• The task: Set down the line containing "上海社保缴纳最新政策！上海博士人才引进落户，怎样缴纳社保？" and each line after it through the last line of the records, exactly, leaving pictures out.
BEGIN Exercise input
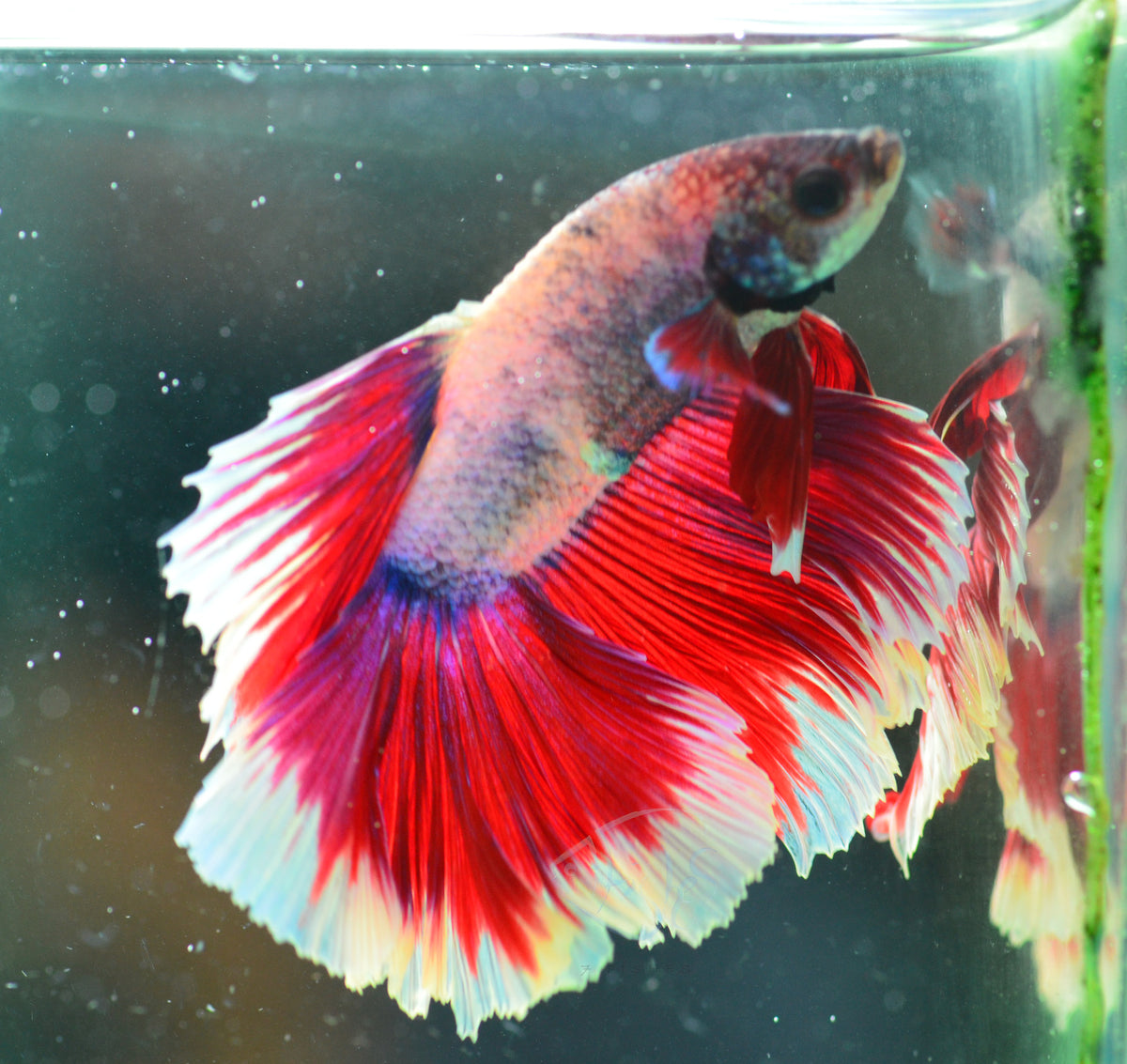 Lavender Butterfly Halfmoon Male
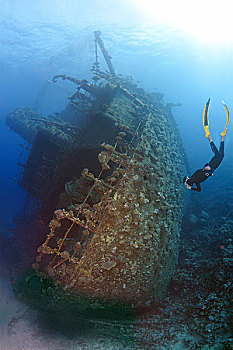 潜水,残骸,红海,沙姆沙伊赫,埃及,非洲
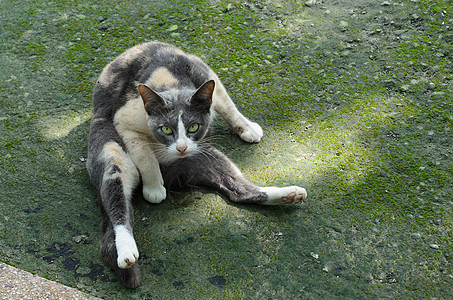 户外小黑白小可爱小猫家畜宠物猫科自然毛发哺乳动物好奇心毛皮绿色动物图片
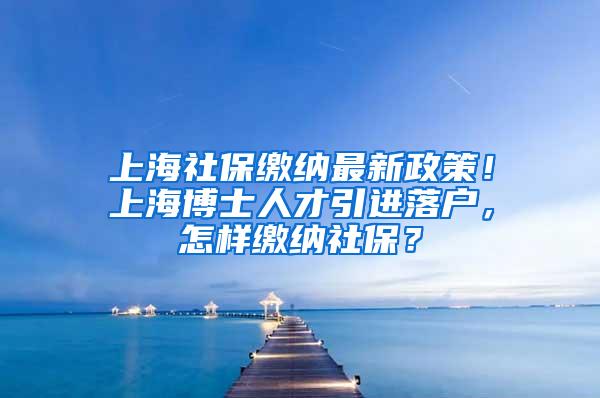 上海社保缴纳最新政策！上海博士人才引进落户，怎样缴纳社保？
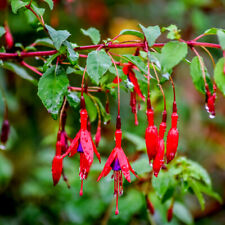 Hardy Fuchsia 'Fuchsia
END Exercise input
• Exercise output:
 上海社保缴纳最新政策！上海博士人才引进落户，怎样缴纳社保？
 Hardy Fuchsia 'Fuchsia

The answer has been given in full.